[Stored records]
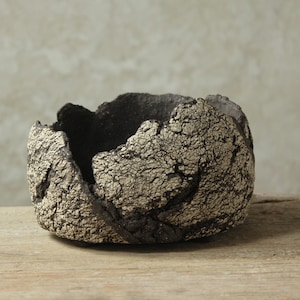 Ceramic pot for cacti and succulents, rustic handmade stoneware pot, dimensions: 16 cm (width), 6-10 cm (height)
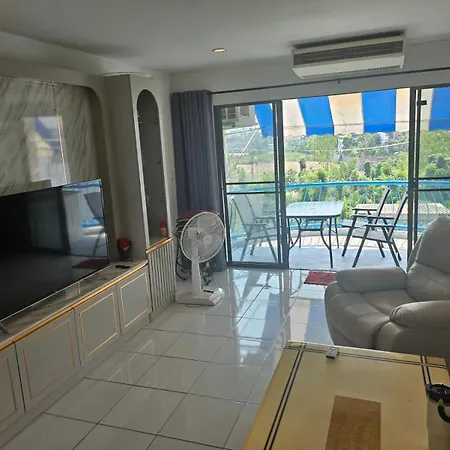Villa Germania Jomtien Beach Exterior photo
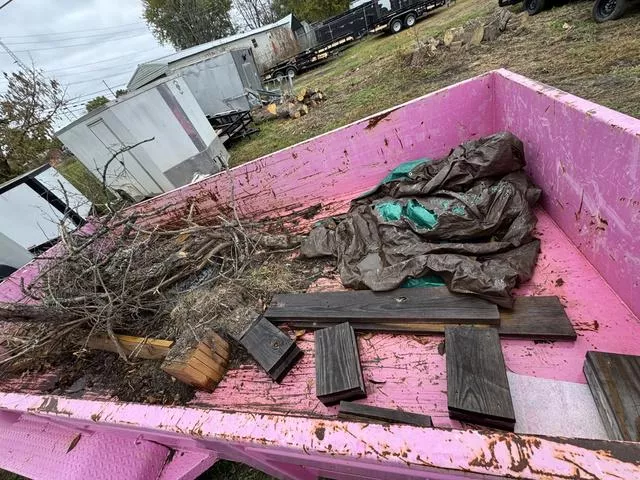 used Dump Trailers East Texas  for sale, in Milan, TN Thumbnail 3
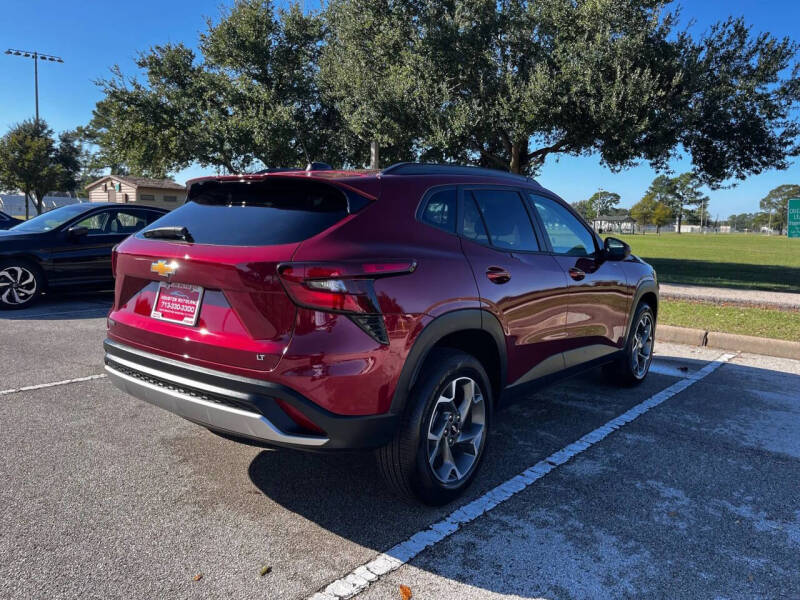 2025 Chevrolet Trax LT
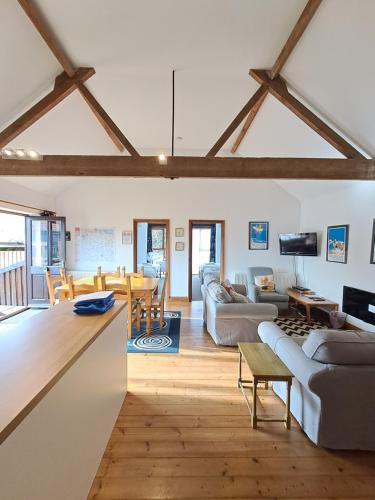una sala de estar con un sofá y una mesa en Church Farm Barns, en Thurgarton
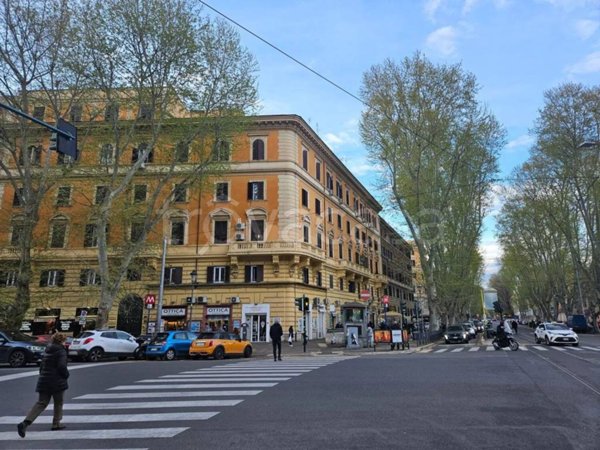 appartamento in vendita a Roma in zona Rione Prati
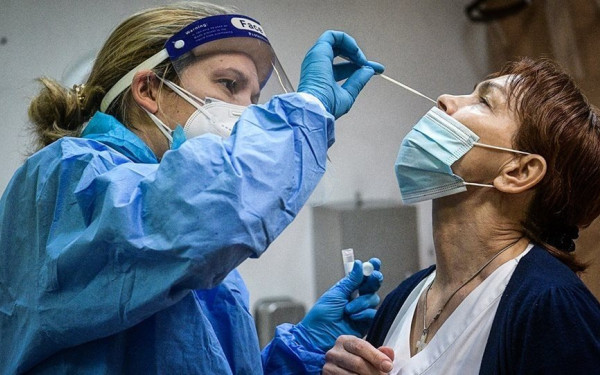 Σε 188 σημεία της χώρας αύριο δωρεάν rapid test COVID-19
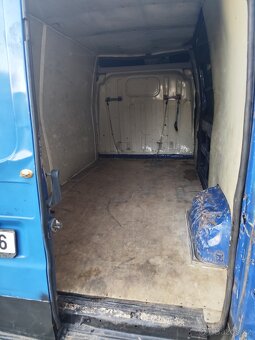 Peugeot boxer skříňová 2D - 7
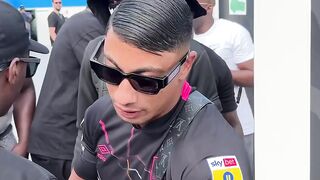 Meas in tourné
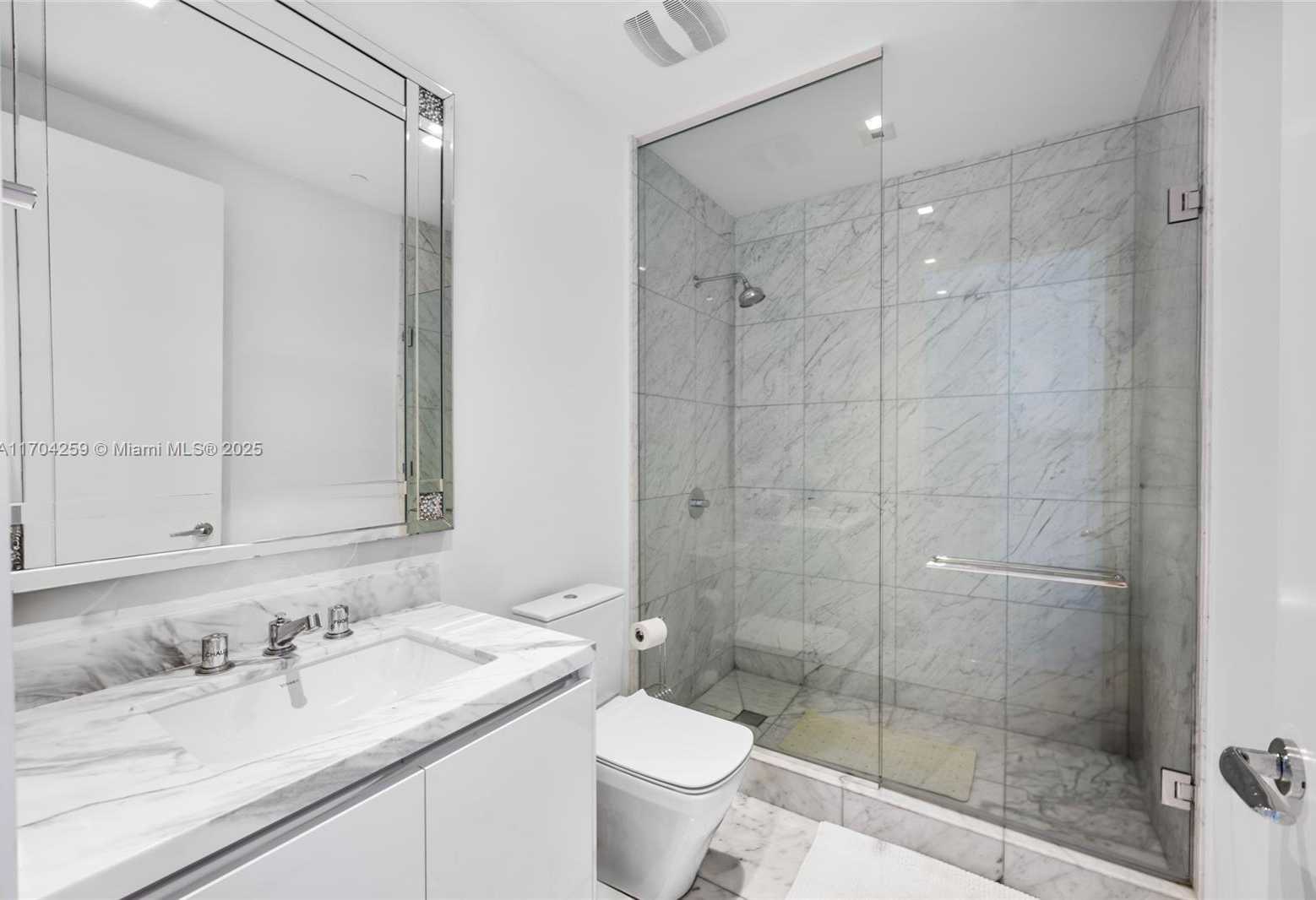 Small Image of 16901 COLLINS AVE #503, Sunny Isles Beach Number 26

• Exercise
Without including any pictures, repeat the records above exactly.

• Written solution
 Ceramic pot for cacti and succulents, rustic handmade stoneware pot, dimensions: 16 cm (width), 6-10 cm (height)
Villa Germania Jomtien Beach Exterior photo
 used Dump Trailers East Texas  for sale, in Milan, TN Thumbnail 3
 2025 Chevrolet Trax LT
una sala de estar con un sofá y una mesa en Church Farm Barns, en Thurgarton
 appartamento in vendita a Roma in zona Rione Prati
 Σε 188 σημεία της χώρας αύριο δωρεάν rapid test COVID-19
 Peugeot boxer skříňová 2D - 7
 Meas in tourné
 Small Image of 16901 COLLINS AVE #503, Sunny Isles Beach Number 26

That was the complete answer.